[[ EXERCISE INPUT open ]]
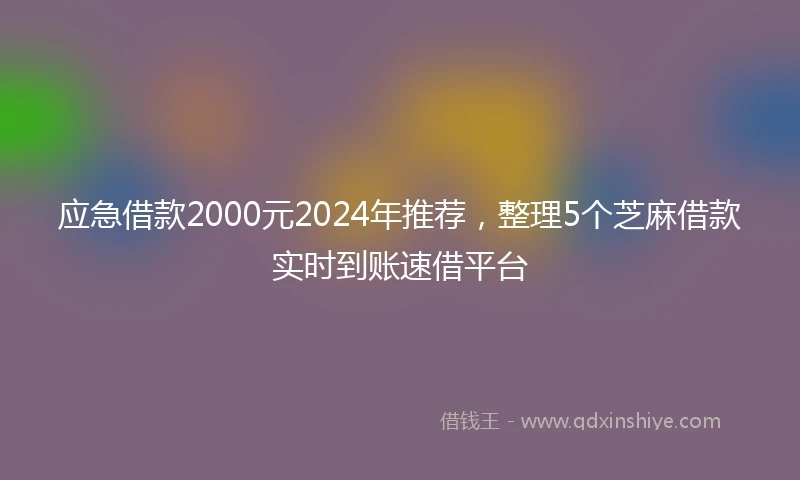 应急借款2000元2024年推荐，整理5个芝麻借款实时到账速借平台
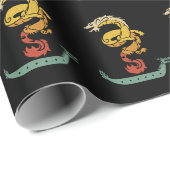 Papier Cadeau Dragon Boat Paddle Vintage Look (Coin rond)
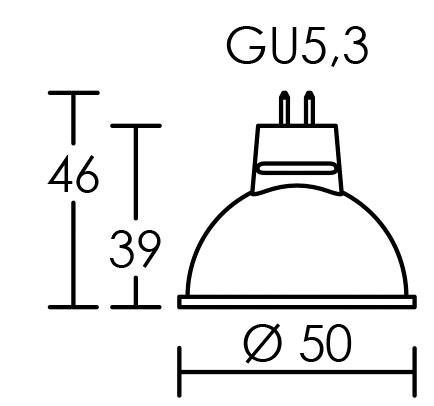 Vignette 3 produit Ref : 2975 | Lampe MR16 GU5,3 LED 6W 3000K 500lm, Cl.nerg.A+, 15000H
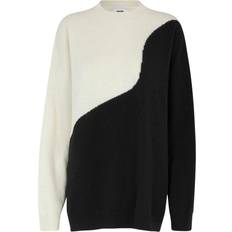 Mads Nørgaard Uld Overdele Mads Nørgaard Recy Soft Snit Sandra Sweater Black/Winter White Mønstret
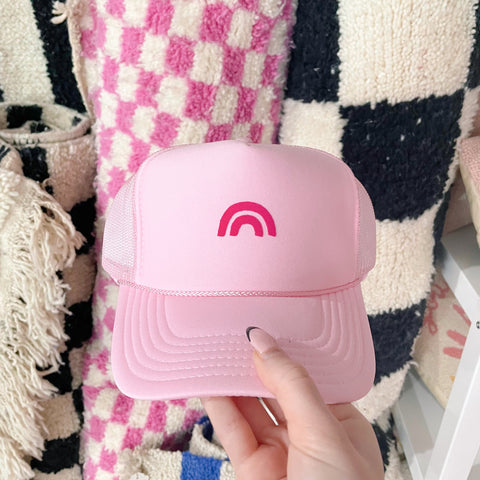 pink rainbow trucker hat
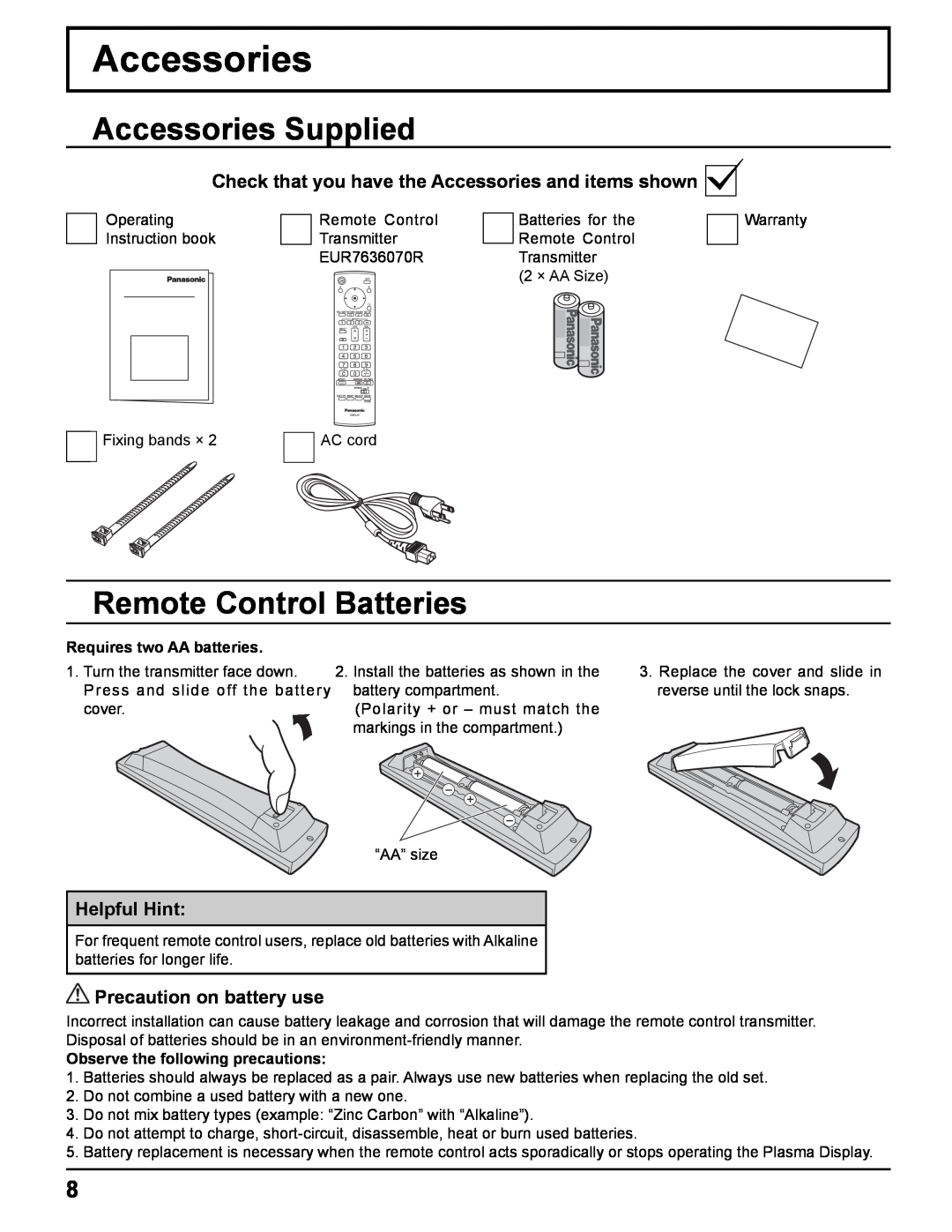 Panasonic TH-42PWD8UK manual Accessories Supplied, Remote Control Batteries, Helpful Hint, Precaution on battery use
[[ EXERCISE INPUT closed ]]
[[ EXERCISE INPUT open ]]
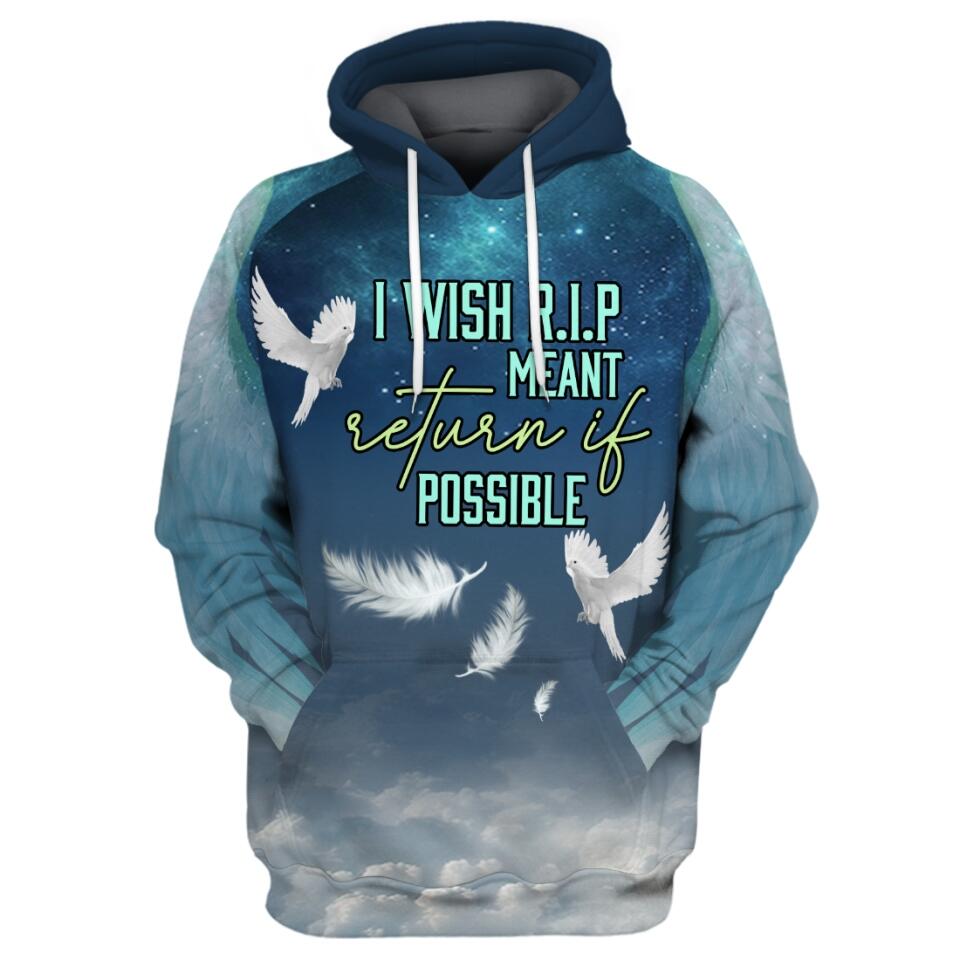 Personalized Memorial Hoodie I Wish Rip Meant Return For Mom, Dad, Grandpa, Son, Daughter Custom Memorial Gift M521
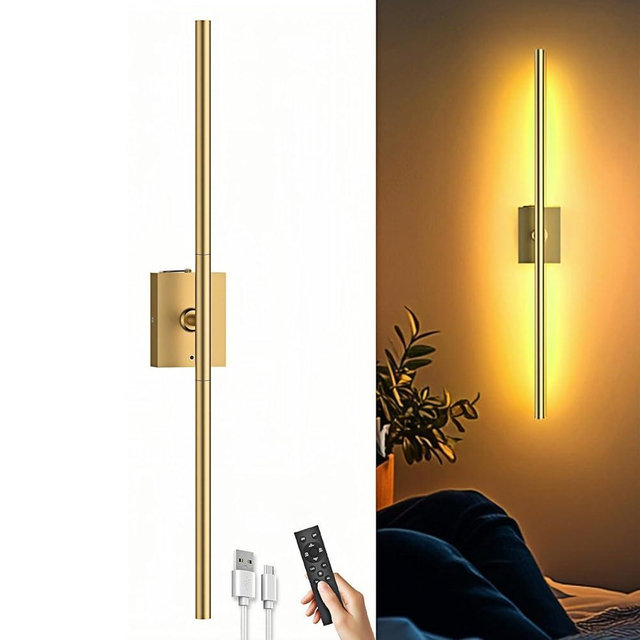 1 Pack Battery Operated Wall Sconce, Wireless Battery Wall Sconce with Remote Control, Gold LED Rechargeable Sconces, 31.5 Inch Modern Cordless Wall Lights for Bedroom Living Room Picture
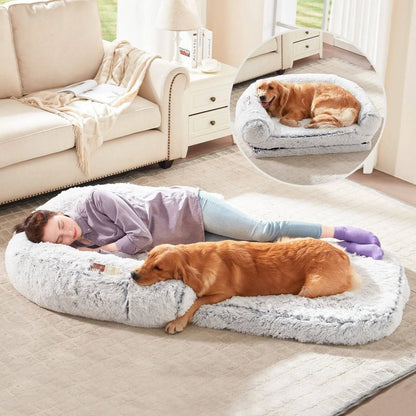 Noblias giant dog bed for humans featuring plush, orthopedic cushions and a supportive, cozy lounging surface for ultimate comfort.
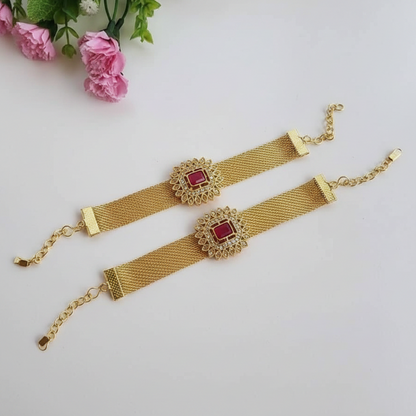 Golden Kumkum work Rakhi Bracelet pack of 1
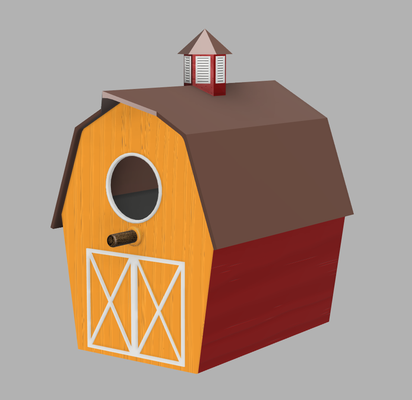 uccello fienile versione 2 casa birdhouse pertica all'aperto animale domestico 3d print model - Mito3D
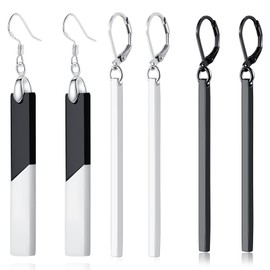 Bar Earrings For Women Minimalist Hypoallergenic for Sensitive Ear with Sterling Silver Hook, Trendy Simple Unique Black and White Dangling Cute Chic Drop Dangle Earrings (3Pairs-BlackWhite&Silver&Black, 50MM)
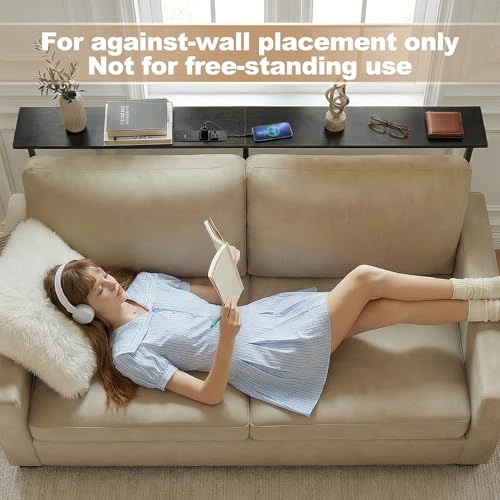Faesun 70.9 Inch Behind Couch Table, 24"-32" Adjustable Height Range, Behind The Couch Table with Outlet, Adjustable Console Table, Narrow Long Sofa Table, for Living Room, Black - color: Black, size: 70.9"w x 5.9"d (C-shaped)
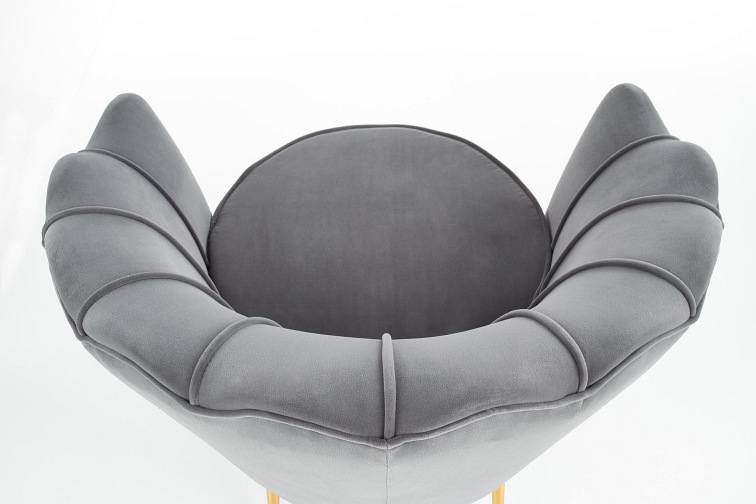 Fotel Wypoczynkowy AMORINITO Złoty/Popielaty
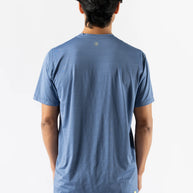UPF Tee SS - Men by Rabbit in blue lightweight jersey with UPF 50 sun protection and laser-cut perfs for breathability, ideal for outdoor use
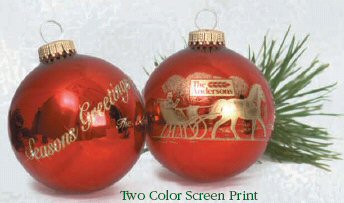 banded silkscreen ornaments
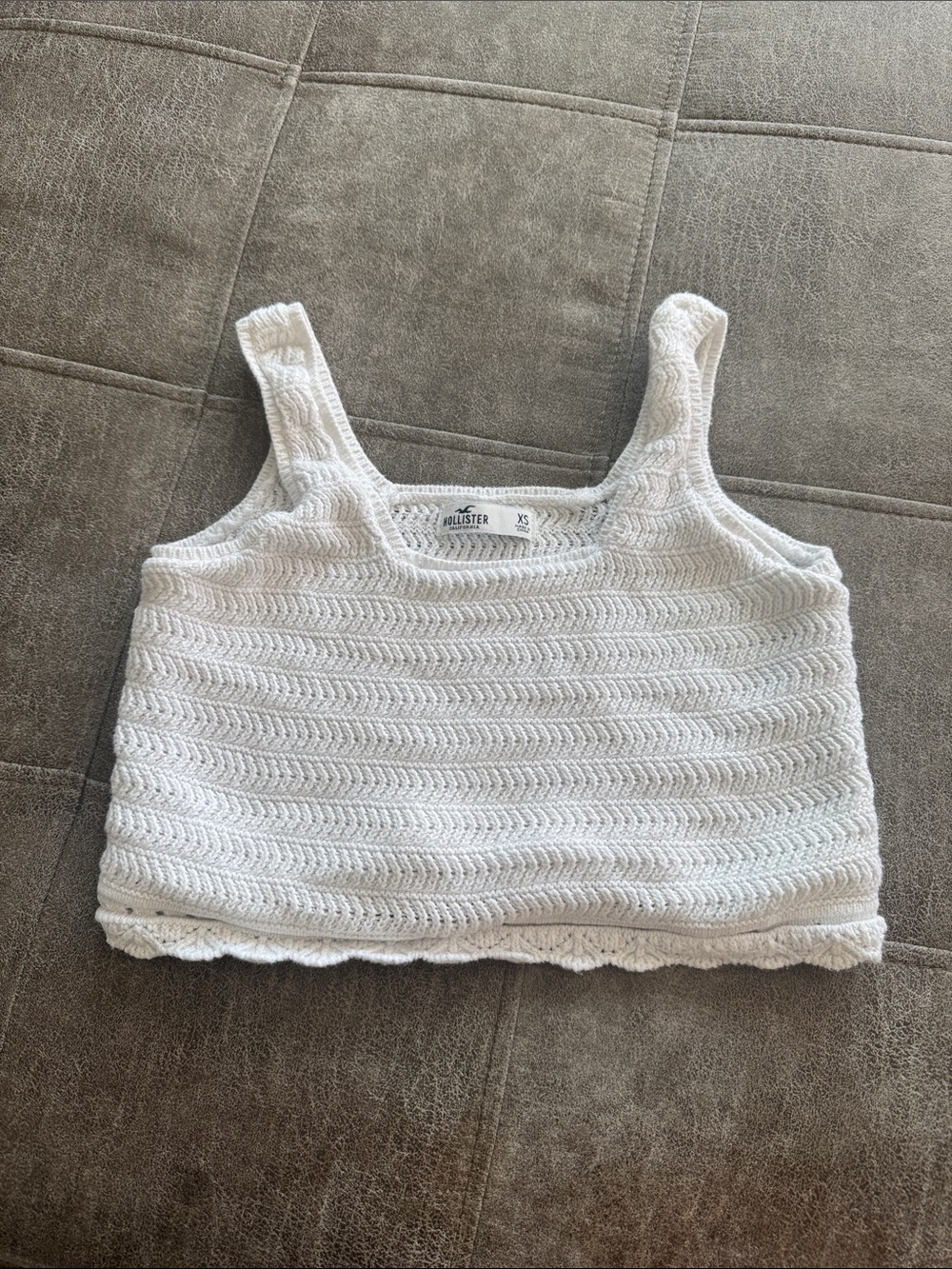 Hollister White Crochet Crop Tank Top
[[ EXERCISE INPUT closed ]]
TASK GOAL
Above are some entries. Restate word for word the lines from the one holding "应急借款2000元2024年推荐，整理5个芝麻借款实时到账速借平台" through the one holding "Mads Nørgaard Uld", but not the pictures.

TASK RESPONSE
 应急借款2000元2024年推荐，整理5个芝麻借款实时到账速借平台
 Papier Cadeau Dragon Boat Paddle Vintage Look (Coin rond)
 Vignette 3 produit Ref : 2975 | Lampe MR16 GU5,3 LED 6W 3000K 500lm, Cl.nerg.A+, 15000H
 Mads Nørgaard Uld Overdele Mads Nørgaard Recy Soft Snit Sandra Sweater Black/Winter White Mønstret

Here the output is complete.